WORK TO COMPLETE
Transcribe exactly, and only, the lines running from the one that contains "this 1456×819 image." through the last line of the material. No pictures.

---*---

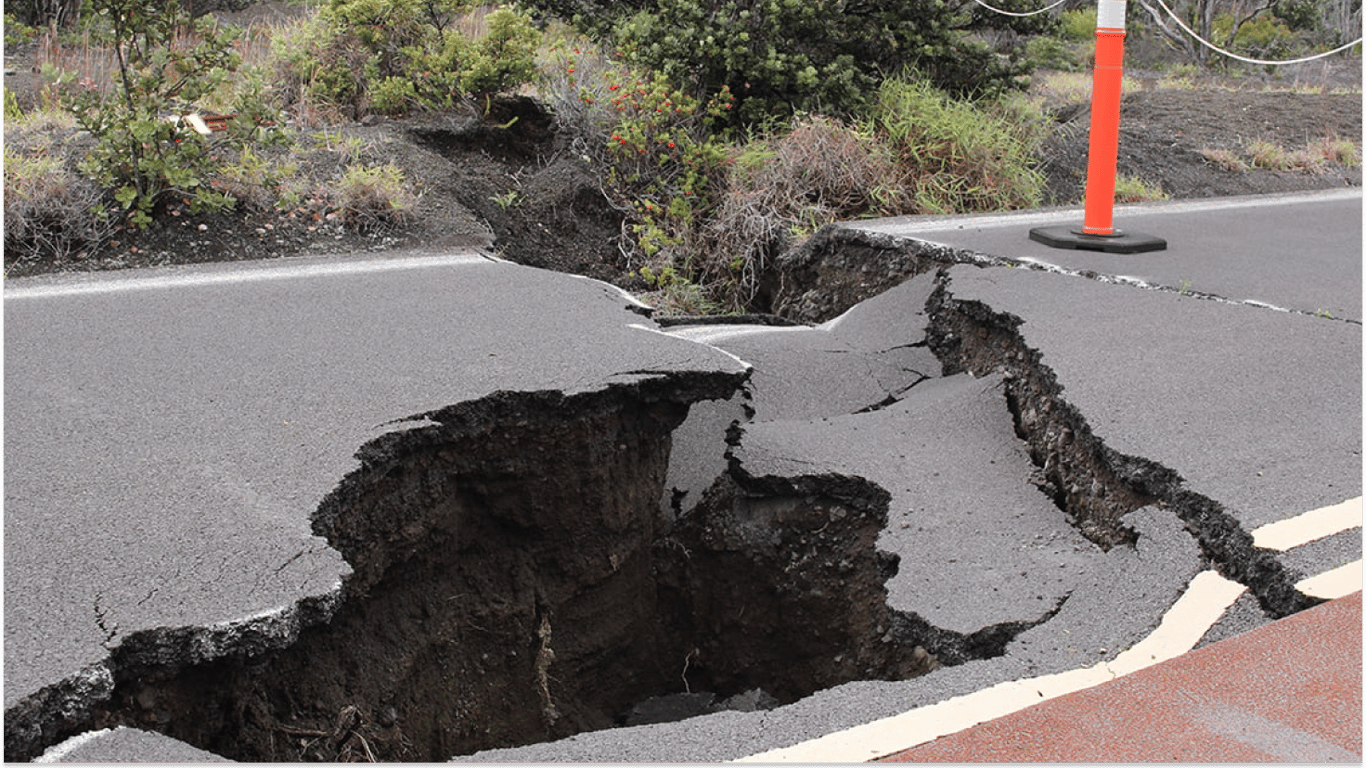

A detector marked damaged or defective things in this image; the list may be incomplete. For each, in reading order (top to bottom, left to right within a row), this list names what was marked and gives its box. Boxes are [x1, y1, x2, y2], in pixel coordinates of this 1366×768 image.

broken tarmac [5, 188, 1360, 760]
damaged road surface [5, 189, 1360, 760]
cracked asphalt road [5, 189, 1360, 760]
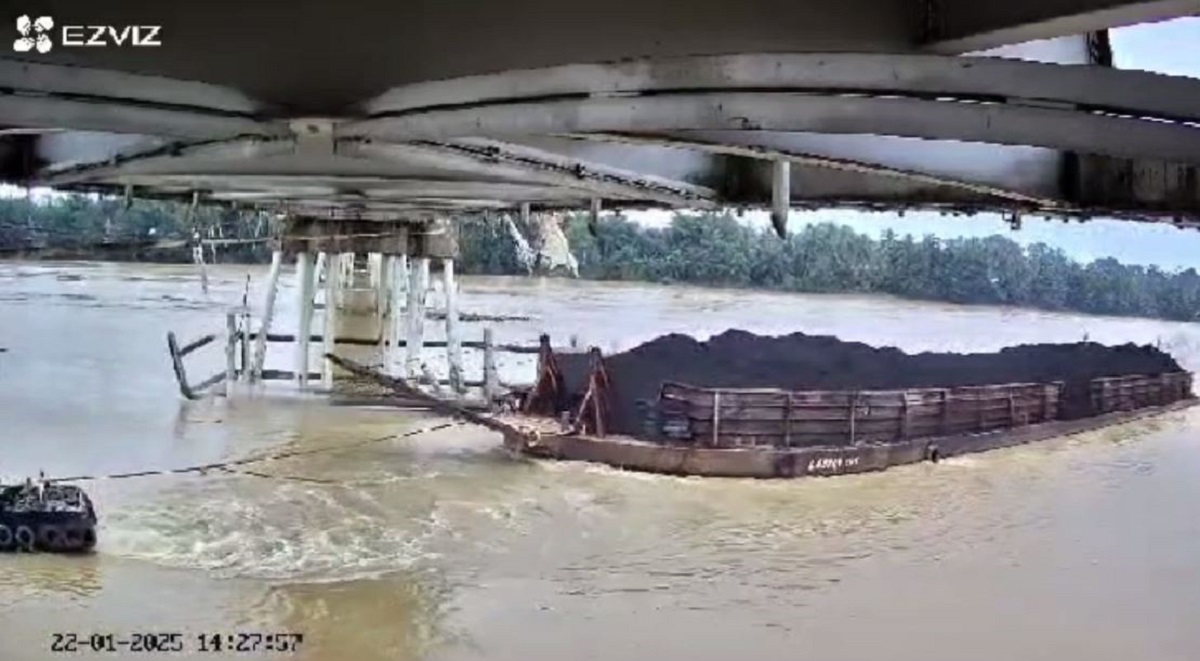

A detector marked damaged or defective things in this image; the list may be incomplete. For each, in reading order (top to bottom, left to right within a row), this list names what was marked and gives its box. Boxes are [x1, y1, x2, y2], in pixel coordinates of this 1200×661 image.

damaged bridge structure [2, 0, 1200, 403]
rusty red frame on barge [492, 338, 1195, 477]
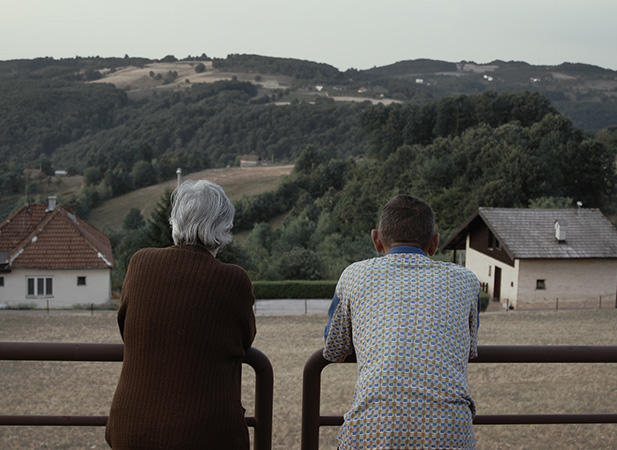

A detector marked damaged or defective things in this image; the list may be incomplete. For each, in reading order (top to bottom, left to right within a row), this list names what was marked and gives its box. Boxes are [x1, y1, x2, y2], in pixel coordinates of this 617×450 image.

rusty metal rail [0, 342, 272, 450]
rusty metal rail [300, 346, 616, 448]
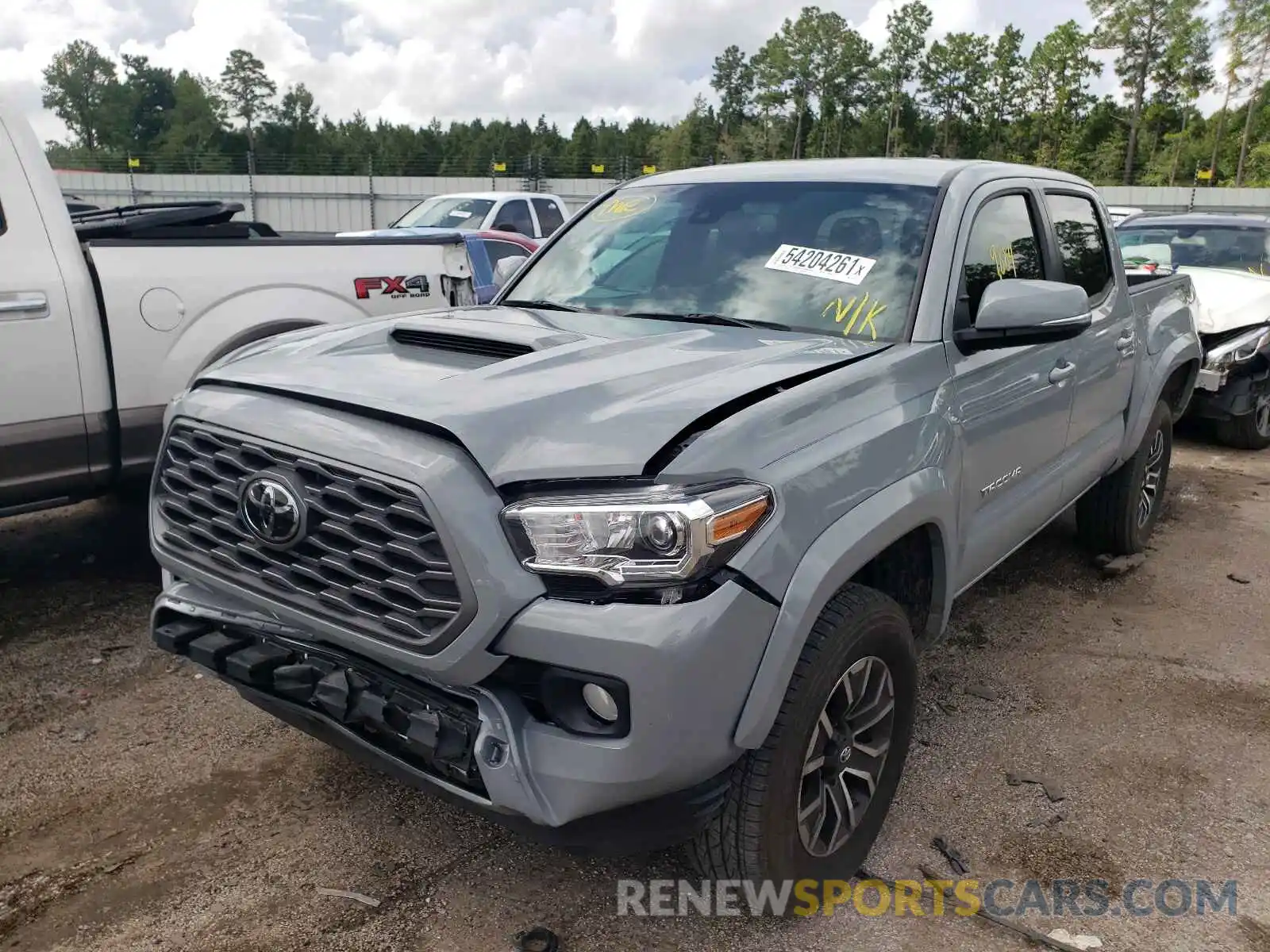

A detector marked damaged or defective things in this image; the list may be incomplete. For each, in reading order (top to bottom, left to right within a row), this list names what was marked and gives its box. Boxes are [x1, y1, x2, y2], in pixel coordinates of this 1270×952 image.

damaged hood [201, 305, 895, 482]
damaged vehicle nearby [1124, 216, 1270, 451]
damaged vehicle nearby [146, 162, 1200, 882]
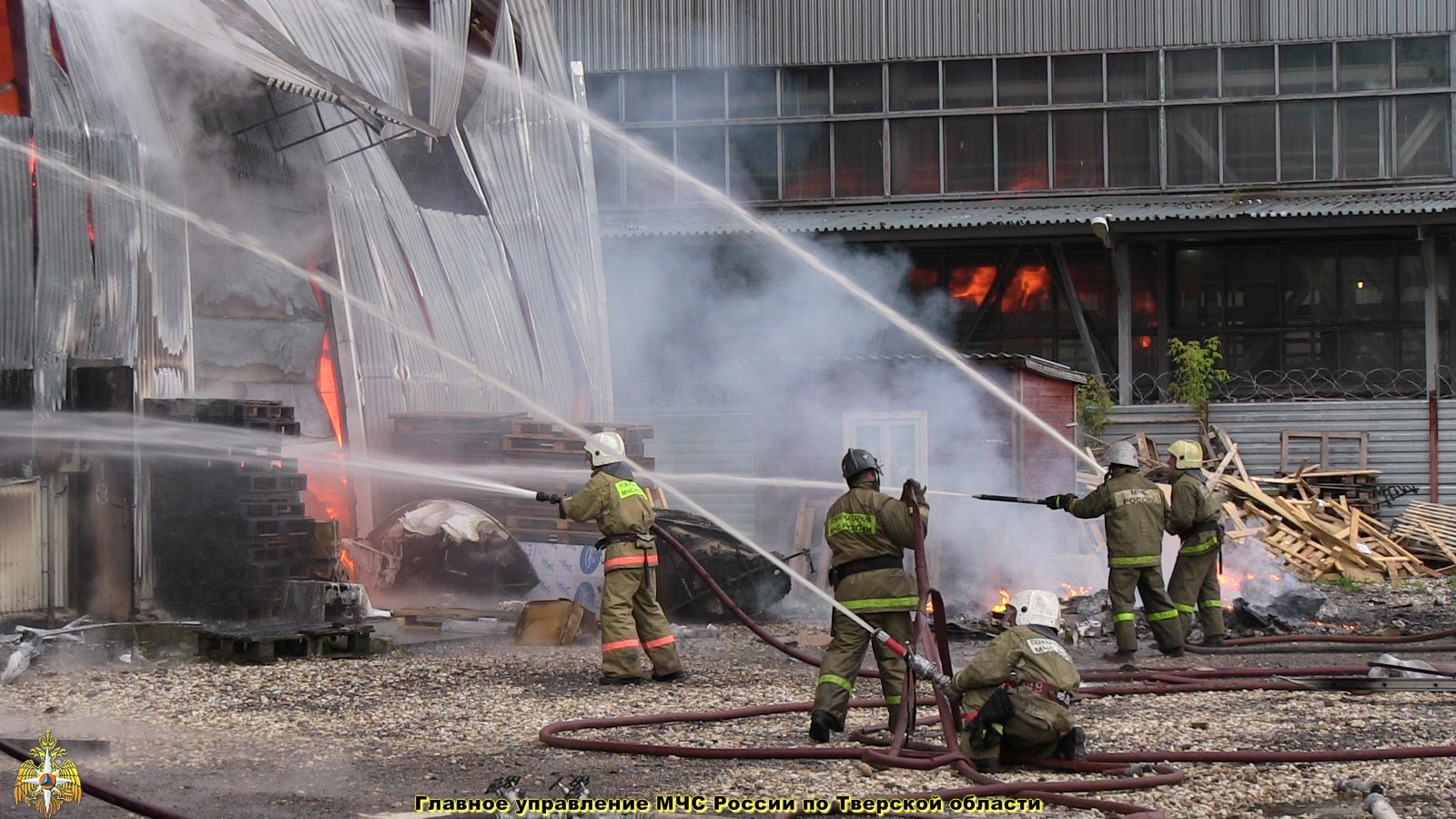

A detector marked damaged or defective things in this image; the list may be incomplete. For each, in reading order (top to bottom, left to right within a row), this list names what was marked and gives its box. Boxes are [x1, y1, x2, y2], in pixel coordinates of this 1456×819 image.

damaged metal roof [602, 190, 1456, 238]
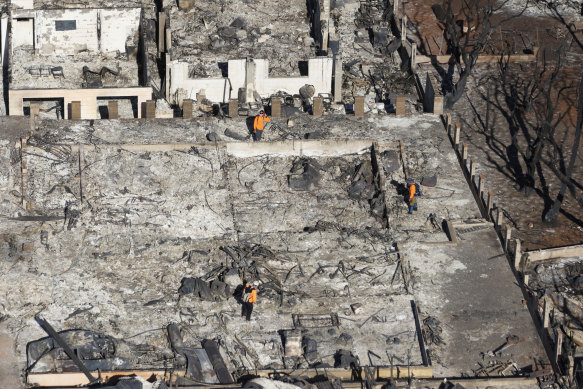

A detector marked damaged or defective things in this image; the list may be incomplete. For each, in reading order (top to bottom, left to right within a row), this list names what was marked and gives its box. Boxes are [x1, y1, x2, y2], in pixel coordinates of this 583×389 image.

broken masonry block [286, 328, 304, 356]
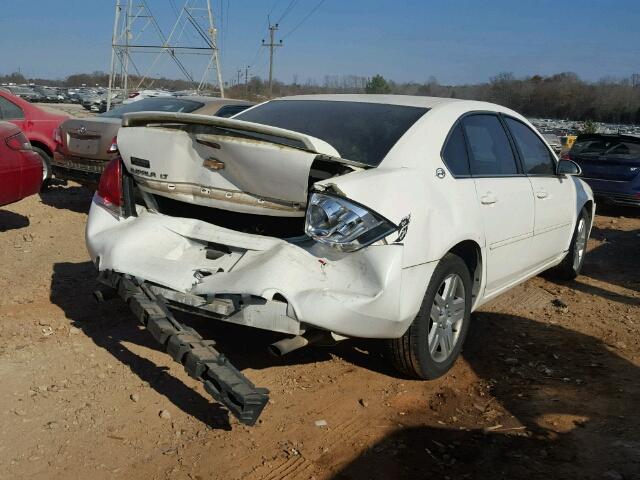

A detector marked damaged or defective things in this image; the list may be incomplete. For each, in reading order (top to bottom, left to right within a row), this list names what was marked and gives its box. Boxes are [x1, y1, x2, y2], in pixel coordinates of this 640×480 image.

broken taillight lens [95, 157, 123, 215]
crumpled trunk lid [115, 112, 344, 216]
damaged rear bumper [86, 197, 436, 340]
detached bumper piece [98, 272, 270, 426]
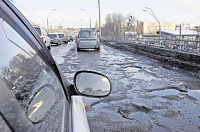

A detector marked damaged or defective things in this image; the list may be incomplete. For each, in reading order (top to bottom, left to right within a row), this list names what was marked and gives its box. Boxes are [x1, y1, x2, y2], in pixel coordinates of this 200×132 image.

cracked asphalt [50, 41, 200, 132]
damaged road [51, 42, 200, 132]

---*---

EXERCISE RESPONSE
A detector marked damaged or defective things in this image; the list may be incomplete. For each, in reading order (top to bottom, left to right within a row), this list names what was marked and gives its box. Boxes are [x1, y1, x2, y2], in pixel coordinates of this 1456×819 image.

damaged metal roof [602, 190, 1456, 238]

A detector marked damaged or defective things in this image; the list may be incomplete. For each, in reading order (top to bottom, left to right within a row), this list names what was marked and gives its box. Boxes are [x1, y1, x2, y2], in pixel coordinates of this 583×389 image.

broken masonry block [286, 328, 304, 356]

A detector marked damaged or defective things in this image; the list may be incomplete. For each, in reading order (top to bottom, left to right within a row), this list names what was marked and gives its box. Boxes are [x1, y1, x2, y2], in pixel coordinates of this 640×480 image.

broken taillight lens [95, 157, 123, 215]
crumpled trunk lid [115, 112, 344, 216]
damaged rear bumper [86, 197, 436, 340]
detached bumper piece [98, 272, 270, 426]

A detector marked damaged or defective things in this image; the list may be incomplete. For each, in reading order (top to bottom, left to right within a row), this list names what was marked and gives its box. Boxes are [x1, y1, x2, y2], in pixel coordinates of this 200×132 image.

cracked asphalt [50, 41, 200, 132]
damaged road [51, 42, 200, 132]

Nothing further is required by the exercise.